Ultimately, the decision to skip or include step 2 depends on the specific circumstances, project constraints, and trade-offs involved. It's crucial to assess the potential impact on code quality, development time, and maintenance overhead when determining the most suitable solution for addressing the memory leak in your project.

Results

Now, let's dive into the results! As the fix is still a work in progress, we are yet to obtain the actual server results. However, the results from the stress test conducted thus far are undeniably impressive.

To stress test the server and evaluate the impact of our fix, I once again utilized Artillery, employing three distinct scenarios:

  • Warming up: 60 seconds with 30 users per second.
  • Ramping up: 240 seconds with 50 users per second.
  • Sustained load: 500 seconds with 100 users per second.

Each user followed the same flow: accessing the homepage, waiting for 1 second, accessing a secondary page, waiting for 2 seconds, and then leaving.

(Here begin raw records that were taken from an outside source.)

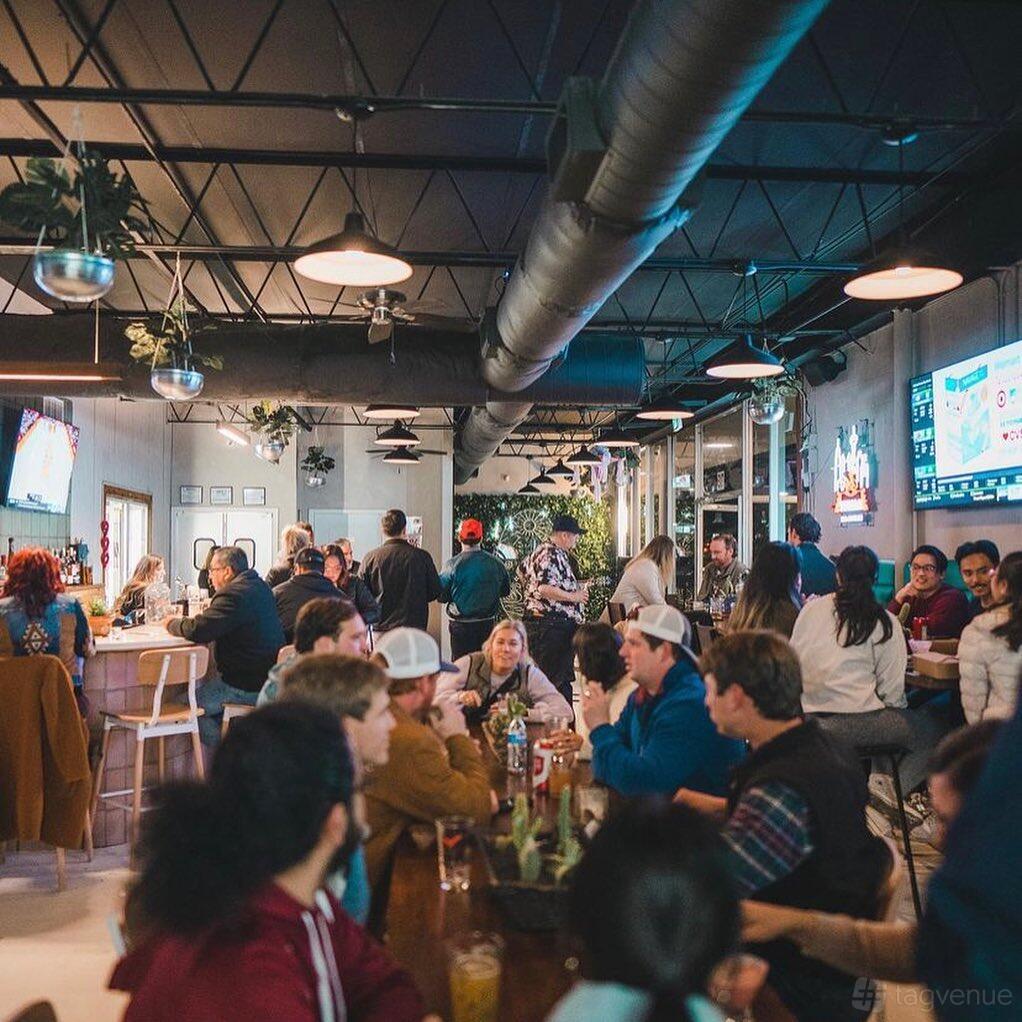 An event space in a bar with hanging plants, exposed ductwork, and communal tables at LadyBird Beer Garden.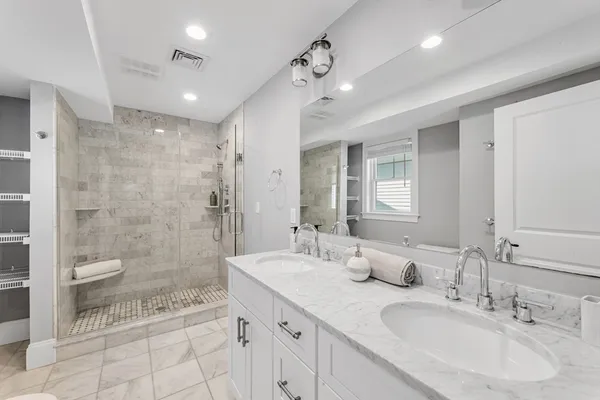 a spacious bathroom with a double vanity sink mirror and shower
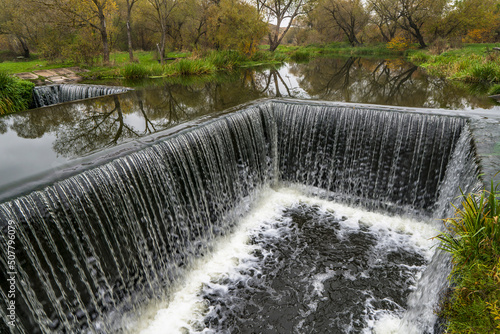 Dam sluice on small river. Gateway channel with waterfall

Here are the summarized results:

  • Production Average Data:
    Memory Usage: 1.3GB
    Requests: 500 requests per minute (during the period of the test)
  • Stressed Server Average Data (Before Fix):
    Memory Usage: 420MB
    Requests: 2 requests per minute (yes, only two!)
  • Stressed Server Average Data (Scenario 1):
    Memory Usage: 250MB
    Requests: 1.5k requests per minute
  • Stressed Server Average Data (Scenario 2):
    Memory Usage: 258MB
    Requests: 3k requests per minute
  • Stressed Server Average Data (Scenario 3):
    Memory Usage: 450MB
    Requests: 5k requests per minute

Comparing the stressed server's average data before the fix to the production environment, we achieved the following improvements:

Memory Usage:

  • Scenario 1: 80% reduction compared to production.
  • Scenario 2: 80% reduction compared to production.
  • Scenario 3: 65% reduction compared to production.

Requests per Minute:

  • Scenario 1: 200% increase compared to production.
  • Scenario 2: 500% increase compared to production.
  • Scenario 3: 900% increase compared to production.

These impressive improvements demonstrate the effectiveness of our fix in mitigating the memory leak issue and enhancing the server's performance under stress.

Conclusion

In the realm of web development, we embarked on a thrilling memory leak investigation, uncovering a hidden culprit lurking within Emotion, Chakra-UI, SSR, and dynamic props. Armed with determination and a three-step solution, we set out to crack the case and restore harmony to our codebase. With our detective hats firmly in place, we left no stone unturned, leading to remarkable results that left us in awe. As the memory leak faded into oblivion, our server danced with joy, boasting reduced memory usage and soaring performance.

In this thrilling tale, we learned that even the most unexpected suspects can be behind mysterious bugs. Armed with perseverance and the right tools, we can uncover their secrets and bring stability back to our projects. So, fellow developers, remember to stay curious, keep investigating, and code happily ever after, knowing that no bug can escape your determined gaze.